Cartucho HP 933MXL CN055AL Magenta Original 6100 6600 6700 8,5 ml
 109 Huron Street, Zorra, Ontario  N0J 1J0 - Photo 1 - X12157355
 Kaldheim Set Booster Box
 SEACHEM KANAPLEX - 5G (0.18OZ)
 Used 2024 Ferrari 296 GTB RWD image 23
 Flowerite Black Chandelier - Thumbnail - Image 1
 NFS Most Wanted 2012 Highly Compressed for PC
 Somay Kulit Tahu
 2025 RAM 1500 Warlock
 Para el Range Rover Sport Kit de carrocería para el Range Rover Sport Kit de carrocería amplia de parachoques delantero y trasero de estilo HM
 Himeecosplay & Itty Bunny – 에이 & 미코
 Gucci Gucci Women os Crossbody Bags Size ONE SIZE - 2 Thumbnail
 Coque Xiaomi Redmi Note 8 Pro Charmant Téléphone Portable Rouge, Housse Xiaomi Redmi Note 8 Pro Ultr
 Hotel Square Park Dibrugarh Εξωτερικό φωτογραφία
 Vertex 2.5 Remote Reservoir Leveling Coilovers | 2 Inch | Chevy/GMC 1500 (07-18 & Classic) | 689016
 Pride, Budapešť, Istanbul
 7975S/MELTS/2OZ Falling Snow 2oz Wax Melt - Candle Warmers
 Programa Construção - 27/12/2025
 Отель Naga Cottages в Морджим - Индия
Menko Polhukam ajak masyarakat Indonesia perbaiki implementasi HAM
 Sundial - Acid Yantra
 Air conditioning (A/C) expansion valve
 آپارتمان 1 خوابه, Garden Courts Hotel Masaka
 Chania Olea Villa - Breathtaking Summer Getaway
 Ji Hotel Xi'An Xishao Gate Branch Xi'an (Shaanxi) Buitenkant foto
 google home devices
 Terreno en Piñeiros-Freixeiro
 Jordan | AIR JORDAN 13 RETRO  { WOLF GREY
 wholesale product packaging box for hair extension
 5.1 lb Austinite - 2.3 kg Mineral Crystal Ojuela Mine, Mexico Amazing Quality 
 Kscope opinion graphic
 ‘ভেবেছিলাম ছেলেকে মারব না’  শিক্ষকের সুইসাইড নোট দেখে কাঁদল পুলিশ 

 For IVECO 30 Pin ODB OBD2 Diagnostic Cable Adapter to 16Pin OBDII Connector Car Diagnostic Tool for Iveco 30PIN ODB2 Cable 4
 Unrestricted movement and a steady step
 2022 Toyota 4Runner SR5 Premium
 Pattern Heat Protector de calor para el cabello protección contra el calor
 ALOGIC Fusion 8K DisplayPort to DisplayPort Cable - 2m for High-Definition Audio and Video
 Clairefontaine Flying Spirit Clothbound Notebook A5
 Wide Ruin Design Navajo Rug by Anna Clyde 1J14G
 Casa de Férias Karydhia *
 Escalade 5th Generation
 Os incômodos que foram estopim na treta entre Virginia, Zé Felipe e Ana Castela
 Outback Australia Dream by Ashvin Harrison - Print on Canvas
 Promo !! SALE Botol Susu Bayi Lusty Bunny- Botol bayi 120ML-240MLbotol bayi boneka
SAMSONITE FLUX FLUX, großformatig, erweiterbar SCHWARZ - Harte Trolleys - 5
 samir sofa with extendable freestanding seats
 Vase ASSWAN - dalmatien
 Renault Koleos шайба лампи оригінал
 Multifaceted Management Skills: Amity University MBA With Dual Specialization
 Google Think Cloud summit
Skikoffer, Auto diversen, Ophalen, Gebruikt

__Exercise directions__:
Each line above from the one with "5.1 lb Austinite" up to and including the one with "ALOGIC Fusion 8K" must be set down exactly, and no line outside that span may appear.

__Output for this exercise__:
 5.1 lb Austinite - 2.3 kg Mineral Crystal Ojuela Mine, Mexico Amazing Quality 
 Kscope opinion graphic
 ‘ভেবেছিলাম ছেলেকে মারব না’  শিক্ষকের সুইসাইড নোট দেখে কাঁদল পুলিশ 

 For IVECO 30 Pin ODB OBD2 Diagnostic Cable Adapter to 16Pin OBDII Connector Car Diagnostic Tool for Iveco 30PIN ODB2 Cable 4
 Unrestricted movement and a steady step
 2022 Toyota 4Runner SR5 Premium
 Pattern Heat Protector de calor para el cabello protección contra el calor
 ALOGIC Fusion 8K DisplayPort to DisplayPort Cable - 2m for High-Definition Audio and Video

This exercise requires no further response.